McIlroy was the coveted RBC Canadian Open and PGA rock star

In a fishbowl inside a soup bowl, Rory McIlroy, star of the show at St. George’s Golf and Country Club in Toronto, stunned crowds on Sunday and won the RBC Canadian Open for the second time in a row in stunning fashion.

Dressed for the occasion in aqua pants and a hot pink shirt, in the pastel colors that only curvaceous men can wear on such a hot day, McIlroy battled his two playmates – Justin Thomas in salmon, Tony Fino in lemon – in a magnificent duel to the end.

Any of the three would be a welcome winner. McIlroy triumphed, and successfully defended the PGA Tour title for the first time in his career, was certainly what tournament and tour officials wished for. More so given everything that is going on in the world of golf nowadays.

You can tell McIlroy he really wants this. He always walks with a jump in his stride, shoulders back and chest out. But after rolling in 26 feet for a birdie on the first hole to take the lead on his own, then tearing his 30-yard lead off a father of Thomas and Finno in the second, there was a feeling he wouldn’t be denied on this day.

He had that look.

“I’ve had a little JT in the past and he has outlasted me a few times. So I knew I had to play really well to beat him,” said McIlroy. “Tony as well. Tony played incredible golf today too. So that was this a big part of it.

“I think facing the best and hitting the best always makes it so special.”

From the third through the twelfth, McIlroy made seven birds and one ghost. Thomas and Finaw didn’t hold back, with Thomas spinning six consecutive numbers on his scorecard at one point, and Finau making half a dozen sparrows on the same day. Up front, Justin Rose hit a run at 59, and Listowel fired Cory Conners of Ont. 8-under 62 to climb up the leaderboard, eventually finishing sixth.

Indeed, St. George was placed on this day. After running its own test and providing a similar test through 54 holes, the course was smooth and attackable given the night rain.

But this was fine. Sunday’s fireworks were what fans came here to watch; Some even made a little of their own.

Rory made a triple with another birdie at 12, but followed that up with a bogey on 13, missing a short time to the shock of spectators.
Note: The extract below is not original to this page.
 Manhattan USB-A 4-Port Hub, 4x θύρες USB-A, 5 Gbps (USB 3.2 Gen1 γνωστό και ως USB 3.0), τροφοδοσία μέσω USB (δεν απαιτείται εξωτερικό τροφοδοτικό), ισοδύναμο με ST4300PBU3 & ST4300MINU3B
Thomas then flew 14 to pull inside one, and when McIlroy took over the raucous Rink Hall 16, the two leaders standing on the 17th tee were tied with Finau behind him.

The penultimate hole in St. To do so is aggressive play that sometimes causes the tee shots to leak properly. Thomas did just that, and he was proven wrong.

He couldn’t make it to the green of the thick rough that his ball rested in and he didn’t get up and down for equality. When McIlroy made a birdie, ensuring the two planes would swing, the tournament was over.

At least in terms of who will win.

The scene on the 18th was gruesome. After McIlroy hit another great shot, this time at four feet, thousands of fans rushed to within a few feet of the green. Some even broke into a cavernous hideout, forcing police and security to take action.

McIlroy compared it to the 2018 championship that Tiger Woods won. It was “an afterthought,” said McIlroy, who was playing for Woods that day. This time, he was the man the crowd was trying to encroach on. It was a small scar in a great atmosphere.

“The fans here this week have been absolutely amazing,” said McIlroy, who used a flying throw at the end to finish 19th under, two points over runner-up Finau with third Thomas. “Like, very good and very cool to play in an atmosphere like that. Loud, loud, but respectful. Except that it’s really, really cool.”

As the champion mentioned in the press room, his 21st victory on the PGA Tour put him one ahead of the career mark of Greg Norman, LIV Golf forward. McIlroy has shouldered much of the burden when it comes to hoisting the flag of the PGA Tour against an upstart series funded by the Public Investment Fund of Saudi Arabia. He is clearly not a huge fan of the great Australian player, or at least what Norman does.

However, McIlroy only relates to Norman when it comes to Canadian Open victories. Norman won the championship twice at Glen Abbey in 1984 and 1992.

Which is good for this tournament. Because you better think it will give McIlroy more motivation when he goes for the triathlon next year.